Dataset content —
* * * * *

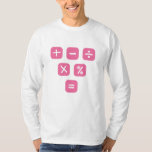 Math Symbols mathematical Signs Maths T-Shirt<br><div class="desc">Cool and funny Math design featuring some basic maths symbols and mathematical signs. A perfect match for kids,  students and teachers as well as for parents.</div>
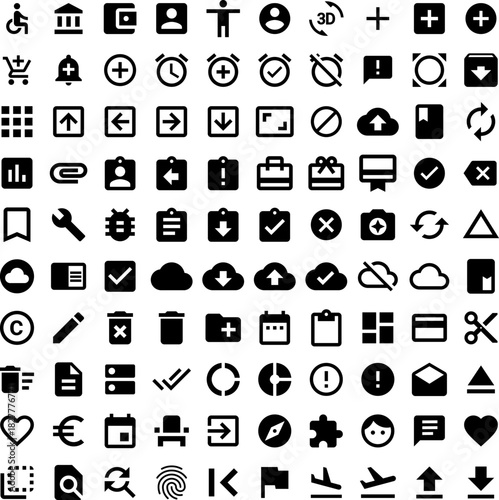 Universal Bold Web UI Icons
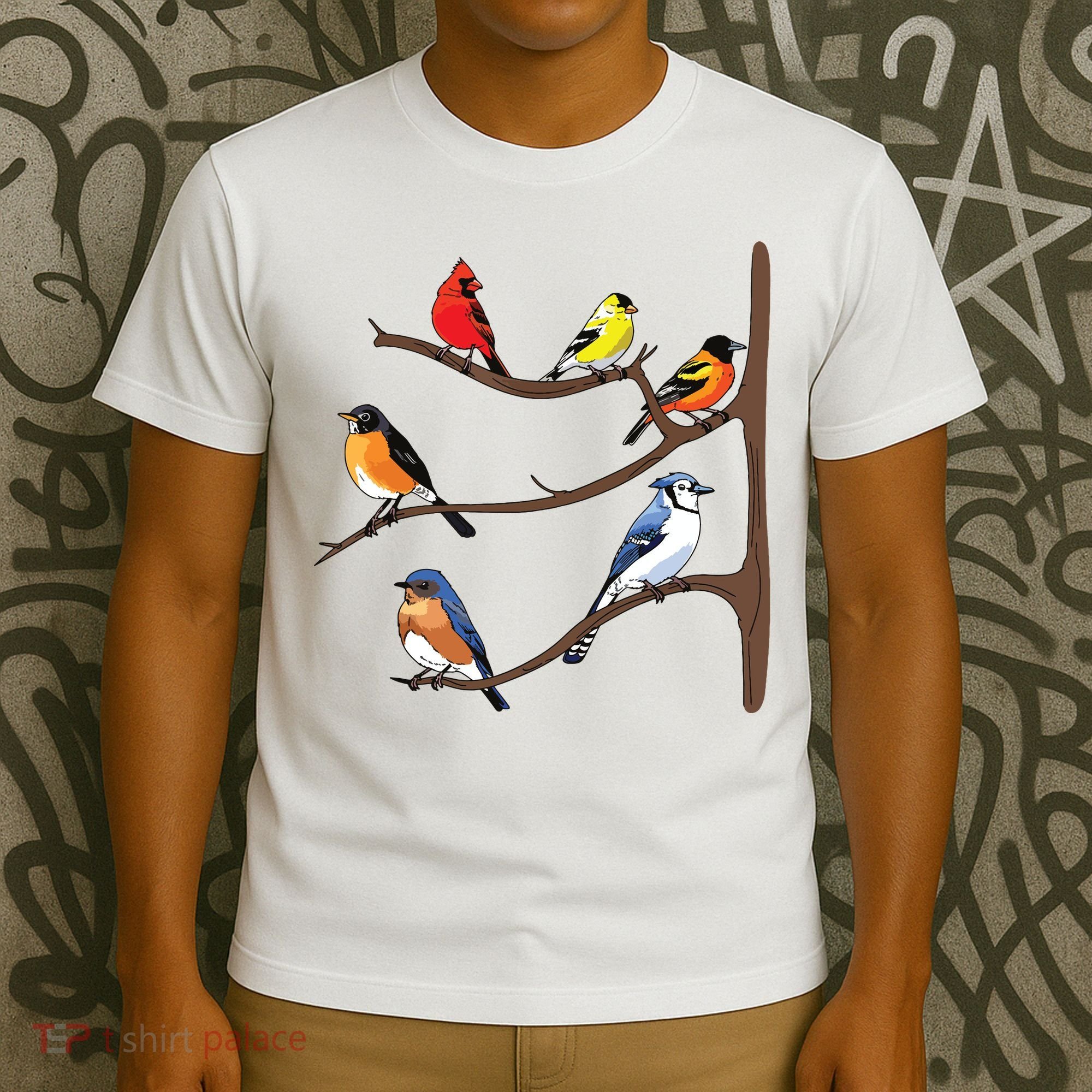 Birds On A Branch Birding Birdwatching Birder Bird Watcher T-Shirt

* * * * *

Required work — Write out the lines of the material from the one containing "Universal Bold Web UI Icons" through the last, exactly and only those. Leave every picture out.

Finished exercise —
 Universal Bold Web UI Icons
 Birds On A Branch Birding Birdwatching Birder Bird Watcher T-Shirt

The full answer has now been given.